Say What I Want: Towards the Dark Side of Neural Dialogue Models
This work addresses a security problem for chatbot services by revealing a weakness that could lead to misuse, though it is incremental in exploring a known vulnerability.
The paper tackles the security vulnerability of neural dialogue models, where they can be manipulated to generate targeted outputs, and demonstrates that a reinforcement learning-based approach can successfully craft such inputs in a considerable portion of cases.
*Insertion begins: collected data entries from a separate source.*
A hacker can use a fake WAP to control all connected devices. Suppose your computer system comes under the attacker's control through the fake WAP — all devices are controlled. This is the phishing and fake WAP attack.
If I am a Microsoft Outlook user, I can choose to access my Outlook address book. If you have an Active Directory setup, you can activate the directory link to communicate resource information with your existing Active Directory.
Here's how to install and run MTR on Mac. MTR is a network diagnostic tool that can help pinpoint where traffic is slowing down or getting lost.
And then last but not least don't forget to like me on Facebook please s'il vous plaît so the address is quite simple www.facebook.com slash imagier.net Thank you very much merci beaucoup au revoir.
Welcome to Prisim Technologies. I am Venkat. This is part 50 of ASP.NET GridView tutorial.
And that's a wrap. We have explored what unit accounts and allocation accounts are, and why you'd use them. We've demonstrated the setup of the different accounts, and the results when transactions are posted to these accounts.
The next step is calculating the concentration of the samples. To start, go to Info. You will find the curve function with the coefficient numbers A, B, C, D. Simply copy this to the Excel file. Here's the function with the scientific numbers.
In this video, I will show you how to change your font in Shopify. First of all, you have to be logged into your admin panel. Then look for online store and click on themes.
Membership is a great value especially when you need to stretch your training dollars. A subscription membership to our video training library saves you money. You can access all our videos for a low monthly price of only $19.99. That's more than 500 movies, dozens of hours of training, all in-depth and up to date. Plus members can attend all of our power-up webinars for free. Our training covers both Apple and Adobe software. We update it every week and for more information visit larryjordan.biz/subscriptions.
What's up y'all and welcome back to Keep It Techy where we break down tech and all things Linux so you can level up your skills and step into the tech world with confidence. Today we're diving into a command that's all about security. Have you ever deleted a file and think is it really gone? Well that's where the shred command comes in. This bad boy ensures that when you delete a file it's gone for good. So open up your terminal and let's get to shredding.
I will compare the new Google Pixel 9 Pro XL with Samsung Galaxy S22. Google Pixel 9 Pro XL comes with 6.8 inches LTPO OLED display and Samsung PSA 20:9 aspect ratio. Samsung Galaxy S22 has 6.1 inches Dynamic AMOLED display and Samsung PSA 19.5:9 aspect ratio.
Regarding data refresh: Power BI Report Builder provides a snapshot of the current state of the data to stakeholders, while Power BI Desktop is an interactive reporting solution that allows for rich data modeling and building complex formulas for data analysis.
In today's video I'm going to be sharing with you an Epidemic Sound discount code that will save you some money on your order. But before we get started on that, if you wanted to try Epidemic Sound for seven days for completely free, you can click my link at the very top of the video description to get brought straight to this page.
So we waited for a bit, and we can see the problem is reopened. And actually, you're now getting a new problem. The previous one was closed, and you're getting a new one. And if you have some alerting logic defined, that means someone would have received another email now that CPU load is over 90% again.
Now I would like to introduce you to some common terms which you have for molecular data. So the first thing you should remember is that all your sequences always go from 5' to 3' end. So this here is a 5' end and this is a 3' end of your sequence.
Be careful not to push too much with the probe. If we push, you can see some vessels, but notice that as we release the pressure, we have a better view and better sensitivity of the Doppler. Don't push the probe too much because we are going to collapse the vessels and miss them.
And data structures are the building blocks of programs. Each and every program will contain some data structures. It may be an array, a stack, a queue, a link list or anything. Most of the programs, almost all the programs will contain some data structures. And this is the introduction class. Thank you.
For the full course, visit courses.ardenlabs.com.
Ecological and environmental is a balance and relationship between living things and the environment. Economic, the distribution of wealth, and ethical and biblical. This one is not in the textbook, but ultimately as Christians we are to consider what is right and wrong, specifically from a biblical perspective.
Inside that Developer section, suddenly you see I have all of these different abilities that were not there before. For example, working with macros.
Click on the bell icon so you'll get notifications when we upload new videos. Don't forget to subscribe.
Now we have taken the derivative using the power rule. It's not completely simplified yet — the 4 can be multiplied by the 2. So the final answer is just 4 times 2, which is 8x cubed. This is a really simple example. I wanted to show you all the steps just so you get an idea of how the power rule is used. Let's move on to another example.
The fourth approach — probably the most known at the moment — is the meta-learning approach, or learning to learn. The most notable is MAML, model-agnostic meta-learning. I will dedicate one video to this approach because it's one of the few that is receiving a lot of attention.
Neural dialogue models have been widely adopted in various chatbot applications because of their good performance in simulating and generalizing human conversations. However, there exists a dark side of these models -- due to the vulnerability of neural networks, a neural dialogue model can be manipulated by users to say what they want, which brings in concerns about the security of practical chatbot services. In this work, we investigate whether we can craft inputs that lead a well-trained black-box neural dialogue model to generate targeted outputs. We formulate this as a reinforcement learning (RL) problem and train a Reverse Dialogue Generator which efficiently finds such inputs for targeted outputs. Experiments conducted on a representative neural dialogue model show that our proposed model is able to discover such desired inputs in a considerable portion of cases. Overall, our work reveals this weakness of neural dialogue models and may prompt further researches of developing corresponding solutions to avoid it.